Questi affreschi della sala dei Nove, nei quali A. L., che il Vasari definì "carattere piuttosto di gentiluomo e di filosofo che di artefice", ornato di varie discipline e non privo di vena poetica, espresse per via di simboli e di rappresentazioni realistiche gli effetti del buono e del cattivo governo, sono, nonostante le esigenze programmatiche che ne indeboliscono alcune parti, il capolavoro del pittore. L'antico senso della bellezza espressiva, la libertà d'invenzione, la forza morale tradotta in forma sensibile nella costruzione artistica, la freschezza dell'osservazione che assorbe e trasfigura il pensiero sottilizzante, vi appaiono nel più alto grado, nella cornice di un paesaggio solenne, in cui il senso episodico della natura, i particolari di novellistica campestre, le curiosità visive a poco a poco riscattate dall'austerità dello stile, divengono volontà espressiva e assurgono a una stupenda visione unitaria in quella distesa panoramica che va dalla Val d'Arbia all'Amiata e a Talamone. Questo modo veramente costruttivo di presentare la prospettiva aerea rende certa l'attribuzione ad A. anche dei due piccoli paesaggi della pinacoteca di Siena, frammenti di una tavola più grande.
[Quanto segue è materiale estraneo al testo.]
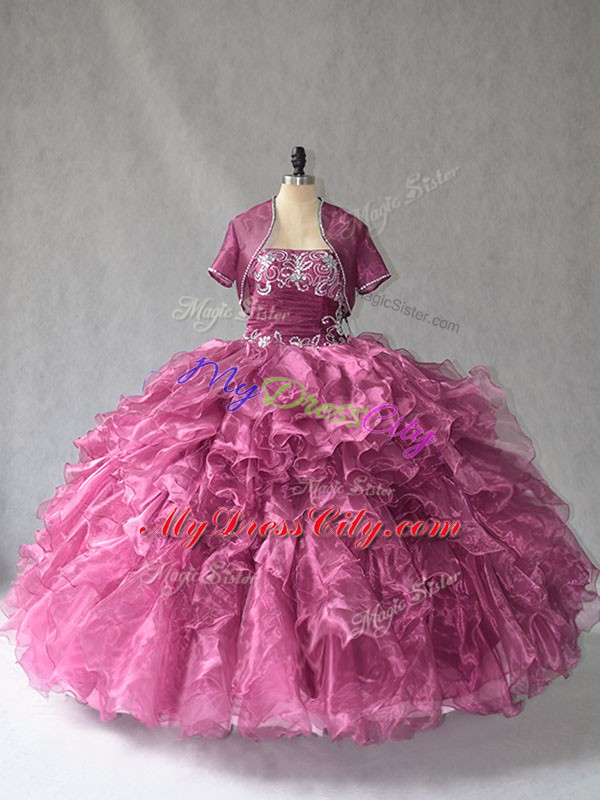 Burgundy Ball Gowns Beading and Ruffles Vestidos de Quinceanera Lace Up Organza Sleeveless Floor Length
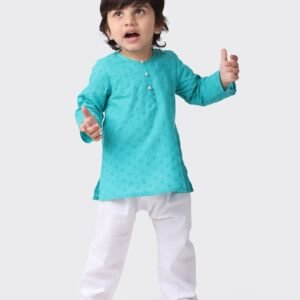 Fabindia Embroidered Round-Neck Cotton Kurta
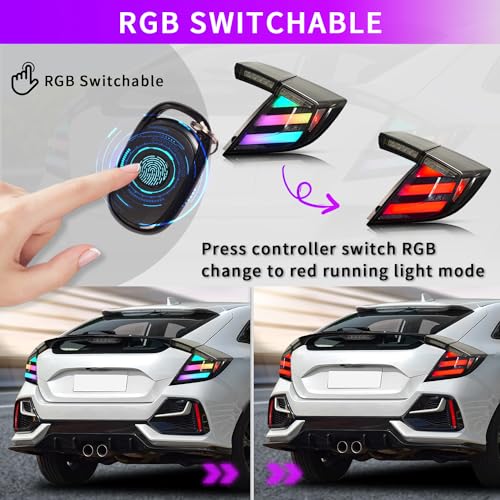 Archaic LED Rear Lights Compatible with 10th Honda Civic Type R Hatchback FK7 FK8 2016-2020, with Sequential Turn Signal, Animation DRL, Pair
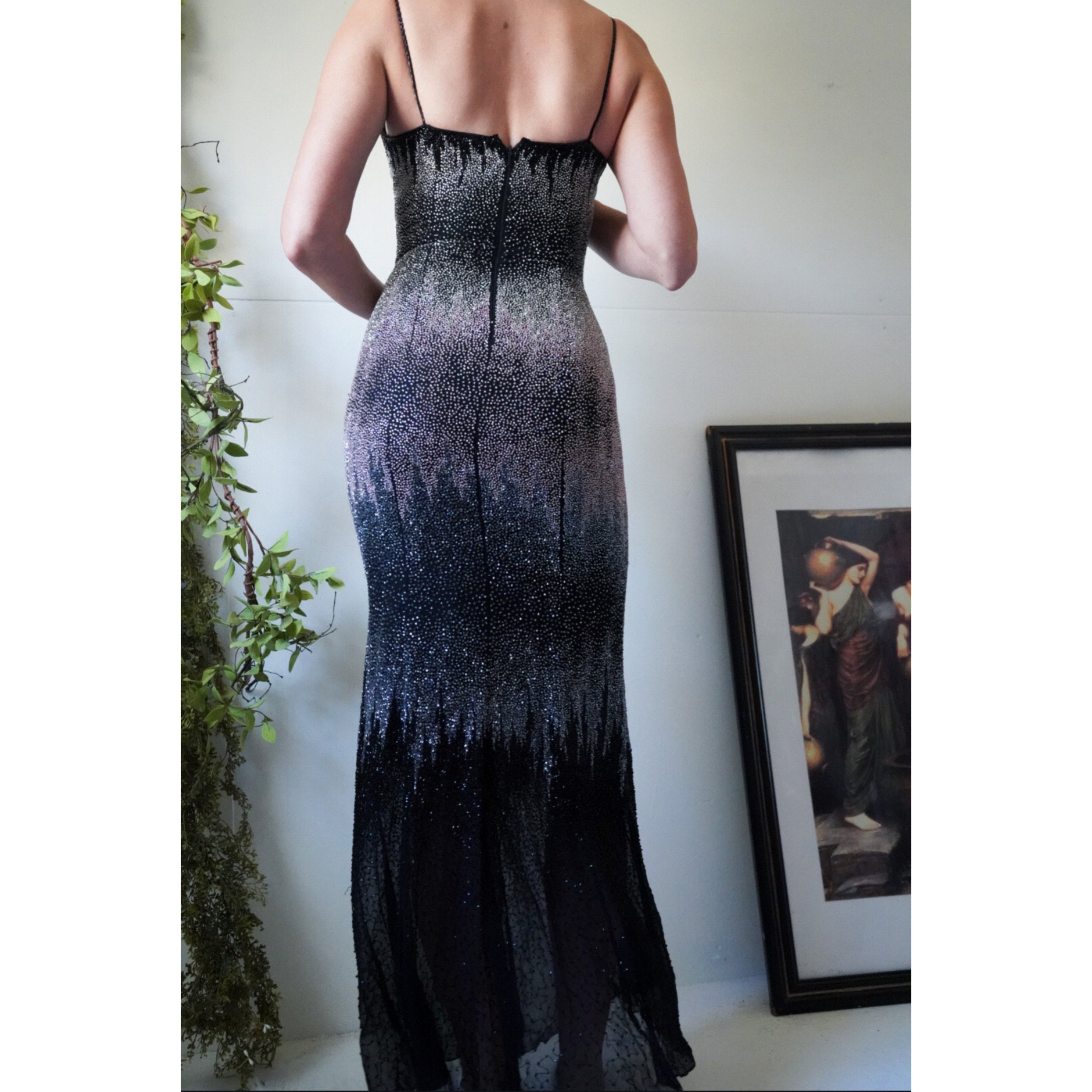 Fully Beaded Silk Gown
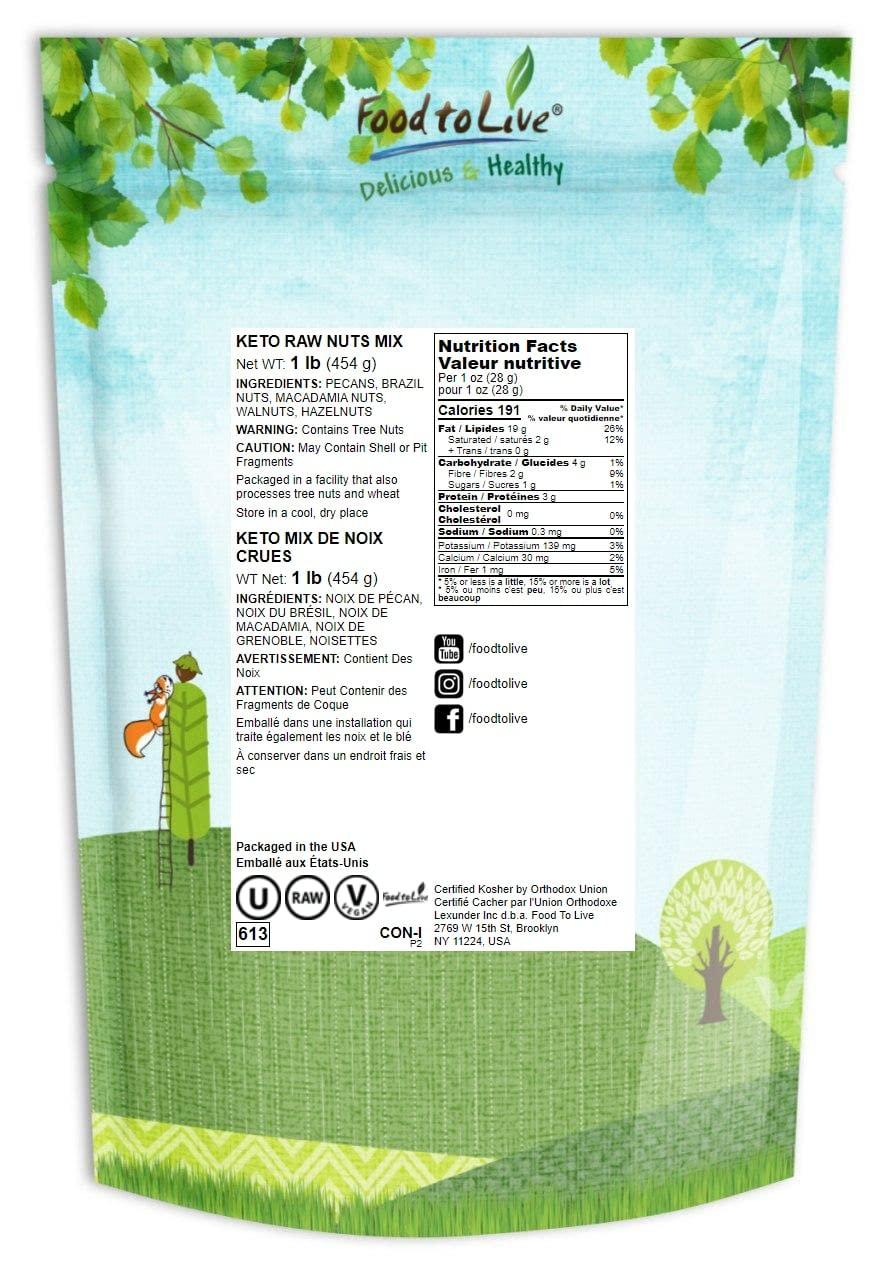Food to Live Food to Live Keto Nuts Mix, 1 Pound Keto Snack Contains Raw Brazil Nuts, Pecans, Walnuts, Hazelnuts and Macadamia Nuts, Low Carb Vegan Superfood, Kosher, Non-Irradiated, No Added Sugar, Bulk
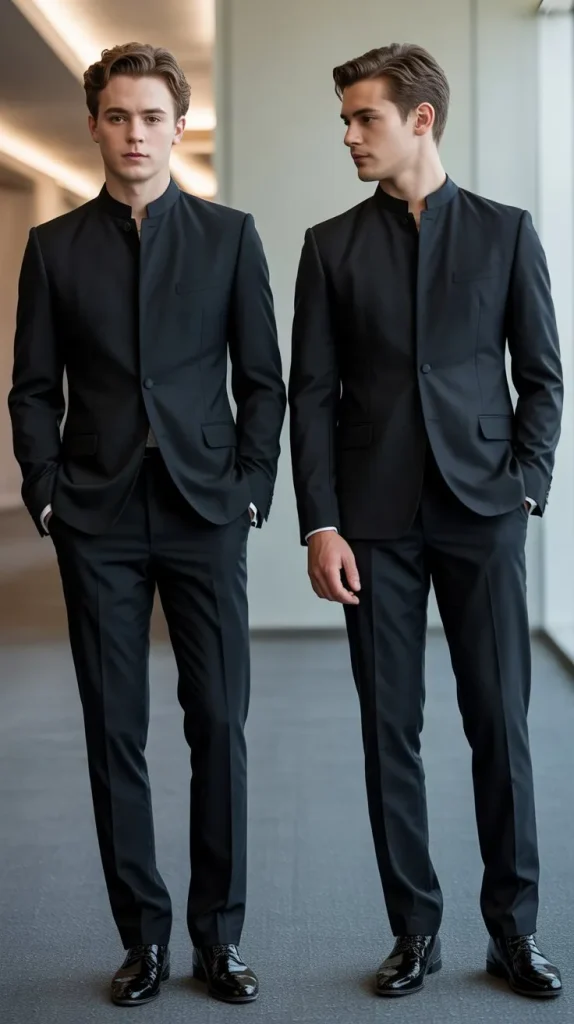 Black Mandarin Collar Suit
Possono inoltre essere attribuite al L. le seguenti: Boston, museo Gardner: S. Elisabetta d'Ungheria; Cambridge (U.S.A.), museo Fogg: S. Agnese (appartenente con la precedente a uno stesso polittico disperso); Cleveland, museo: S. Caterina di Alessandria; S. Galgano, badia di Monte Siepi: affreschi di una decorazione conservata in parte, celebrante S. Galgano (con la collaborazione di aiuti e molto restaurati); Londra, National Gallery: teste di monache (frammento già nel capitolo di S. Francesco a Siena); testa di S. Caterina; mezza figura di Vergine Annunziata (frammenti di affresco); Milano, raccolta Cagnola: Madonna; New York, collezione Blumenthal: Madonna; Minneapolis (U.S.A.): collezione John Vanderlip: S. Caterina e in alto un Profeta; Pompana, cappella di S. Francesco: Madonna (molto guasta e restaurata); Roccalbenga, chiesa dei Ss. Pietro e Paolo: Madonna; Siena, Pinacoteca: n. 52, S. Paolo; n. 53, S. Giovanni Battista; Museo dell'Opera del duomo: S. Francesco, S. Maria Maddalena, S. Caterina e S. Romualdo (di L. solo in parte); ex-convento di S. Agostino: mezze figure del Redentore, di S. Lorenzo e di S. Agostino (unici avanzi delle vaste pitture descritte dal Ghiberti e dal Vasari); seminario di S. Francesco, refettorio: testa e parte di fregio; Torino, collezione Abegg: Sacra famiglia.

V. tavv. CXIII-CXVI.

Bibl.: E. v. Meyenburg, A. L., Zurigo 1903; G. De Nicola, in Boll. d'arte, I (1922-1923), pp. 49-58; R. van Marle, The development of the italian schools of painting, II, L'Aia 1924; E. Cecchi, Trecentisti senesi, Roma 1928; G. Sinibaldi, in Thieme-Becker, Künstler-Lexikon, XXIII, Lipsia 1929 (con bibl.); C. H. Weigelt, La pittura senese del '300, Bologna 1930; B. Berenson, Italian pictures of the Renaissance, Oxford 1932; G. Sinibaldi, I L., Siena 1933.